So here are just two different things to think about. One is for staff to vet safety checks. And asking you just in a couple of words not whether we're doing safety checks, but how are you using safety checks? How are you making those real documents that inform everyday work?
And then another piece around-- what are some of the things that are really working for you around that timely maintenance, specifically around repair of playgrounds? Because we know that constantly monitoring our playgrounds is real important. And what are some things that are working out there for all of you?
Great. Thanks. There's lots of responses coming in. So regarding safety checks, Jane's talking about doing them at random times. What a great idea. So we're varying the time that we're making this because different things might be happening at different times of the day. Really nice way to keep that very alive and get great data out of those.
And I'm going to ask Stacy and David to help me watching, because now we've got two going here. And lots and lots of good stuff.
You know what I also like about the random times, Kathy, is that staff aren't gearing up for a certain period. But there's a sense that we check each other. And we check each other morning, afternoon, during different transitions, to make sure that we have safe environments at all times. And so I think that's really important. We know that after meals, that we have to make sure that the floors aren't slippery, and that we've done the cleanup that we need to do so that children don't slip and fall. And so it isn't that one time thing. It's really a good timely thing to do at different periods of the day. So I like that.
I also see people talking about playgrounds here, and making sure our playgrounds are safe before children use them. Absolutely. How important it is that we are doing that visual check that everything is OK, and that our children are ready to use the outdoor equipment. So thank you for that.
One of the pieces that went by kind of quickly, and I saw, a procedure for daily checking and maintenance reporting within 24 hours that we have. We're intentional, and we've defined a process whereby we have an immediate time frame that we're going to deal with these things that come out. Great.

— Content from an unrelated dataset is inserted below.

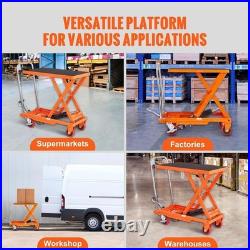 Heavy Duty Hydraulic Lift Table Cart 28.5 Lifting Height, 4 Wheels Included Heavy Duty Hydraulic Lift Table Cart 28.5 Lifting Height, 4 Wheels Included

And on that theme, on the second strategy for the timely maintenance, I saw that someone was doing a follow up phone call to see if the repair was done and met the need. So that's fabulous. So not only do we fill the form, but we're checking to see if the safety issue has been resolved.
And I saw something about the immediate removal of any equipment that's found in need of repair, which is really important.
Really important. And again, think about the kind of systems program discussion and understanding that makes that really strong. I know that in my program children's safety is of utmost importance. I'm taking this out because I know that's what we do here. It's OK, I can remove this. And we have systems in place to either replace or repair. That's a great one.
In the safe environments now, we're really starting to talk about transportation and buses. So the pre-trip inspection, the walking around the bus, the logs, the review of logs. How important.
And then that third party check. So that's that redundant system that I mentioned. That we're checking to make sure all children are off the bus and there's no child left behind. So we want to make sure that not only one person is doing that, but a second or third party are checking these things, so that it's a back up. We can have some human error, but we want to have a system in place so that human error is caught, and children are visually supervised at all times. So thank you for bringing that up.
Here's someone talking about encouraging parents to complete safety checklists. So we're engaging our parents. And it's not clear about whether it's in the center or in the home, but both, as we're talking with parents. And what a great, engaging way for a parent to be involved in a classroom. How important that is that they can help with that task and be involved in that way. Nice idea.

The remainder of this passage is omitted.